OT: klipper's misbeliefs [was: NEdit & KDE loss of selection
problems]
Scott Tringali
scott.tringali at totalviewtech.com
Mon Aug 6 23:00:44 CEST 2007
Joerg Fischer wrote:
> I got it eventually. Klipper simply sets the primary selection to the
> last entry/string in its clipboard history. This happens after nedit
> adjusted the selection to the new text (eg, when shifting), and since
> there can be only one primary selection, nedit loses it. One can't
> see the new primary visually (must be hidden somewhere in klipper :-)
> but you can get it with dialog(get_selection("any")). This is all
> triggered when klipper sees an empty primary selection - it doesn't
> intend to act like this if there is already a selection on the screen.

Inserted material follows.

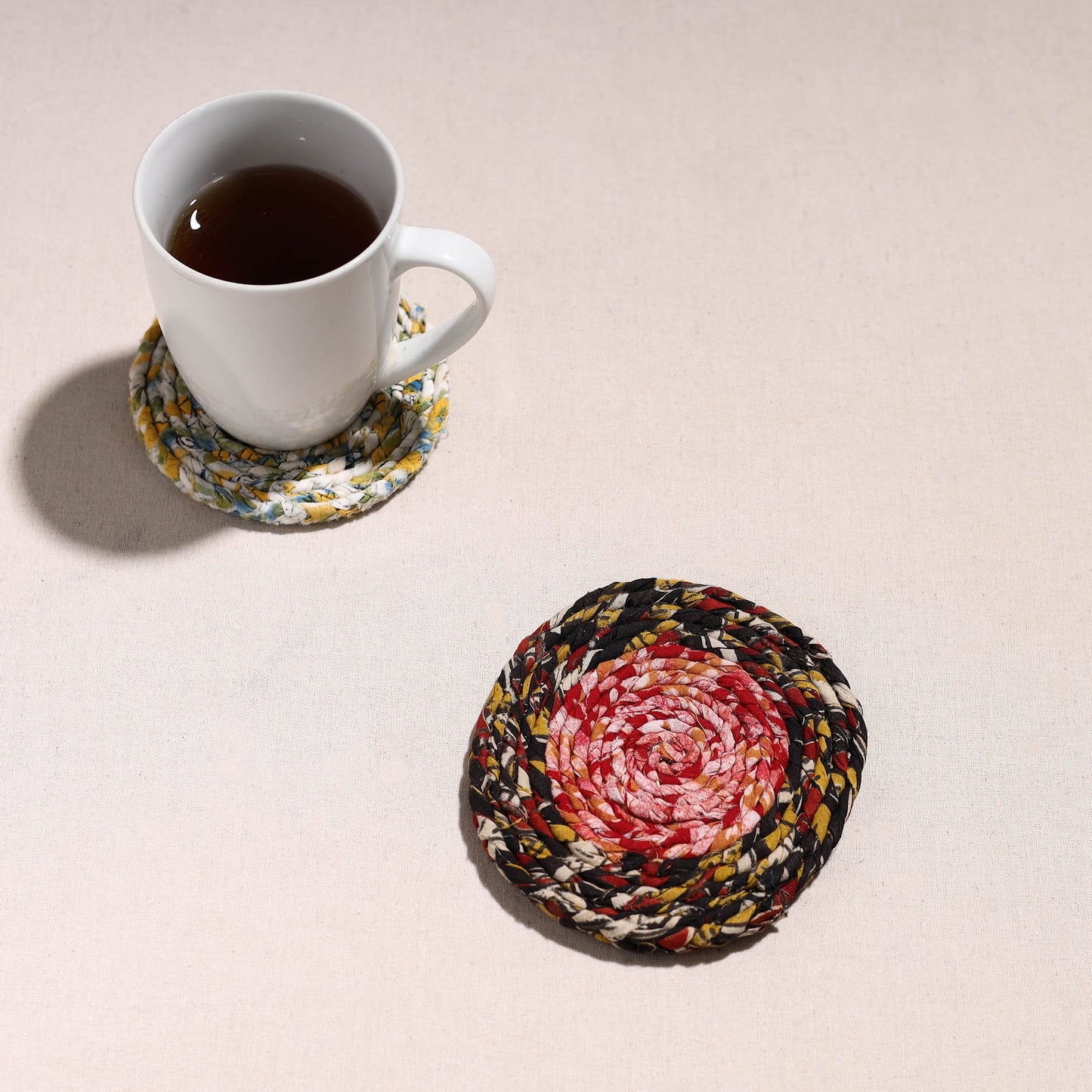 Upcycled Fabric Hand Braided Coaster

> With nedit, at the moment klipper starts there is no selection (ok an
> empty one) but then nedit surprises klipper by creating a new
> selection - rather clipboard, I mean.
In emacs when you deselect text, it doesn't set the selection to
nothing, but the last thing you had selected.
This "laggy selection" makes a bit of sense - what's the use of no
selection? - but that's not GTK and Motif operate. It's almost like
they treat it like a clipboard that's automatically populated, rather
than something you can check to see whether something is or is not
selected. Someone in Qt-land decided "there never shall be a zero
selection".
It's pretty simple to test, even with a single text widget. If I select
text, then click on another spot so there's no more visible selection,
and then middle-click, do I paste A) nothing (Motif, GTK) or B) the
previously-selected thing (Qt)?
Qt has this laggy selection, so it's no surprise that KDE follows it. I
presume this button is to make GTK apps behave more like Qt apps.